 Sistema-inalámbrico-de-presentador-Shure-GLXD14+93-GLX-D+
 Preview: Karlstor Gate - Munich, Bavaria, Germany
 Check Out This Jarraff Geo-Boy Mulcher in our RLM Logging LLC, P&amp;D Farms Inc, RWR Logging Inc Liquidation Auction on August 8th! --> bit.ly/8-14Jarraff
...
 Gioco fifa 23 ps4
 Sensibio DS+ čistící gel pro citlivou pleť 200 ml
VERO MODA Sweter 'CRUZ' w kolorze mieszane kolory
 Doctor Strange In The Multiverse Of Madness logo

--- WHAT IS BEING ASKED ---
An exact copy of the lines above, from the one containing "Gioco fifa 23 ps4" down to the one containing "Doctor Strange In" and including both, is the whole answer; retype it and nothing else.

--- TASK SOLUTION ---
 Gioco fifa 23 ps4
 Sensibio DS+ čistící gel pro citlivou pleť 200 ml
VERO MODA Sweter 'CRUZ' w kolorze mieszane kolory
 Doctor Strange In The Multiverse Of Madness logo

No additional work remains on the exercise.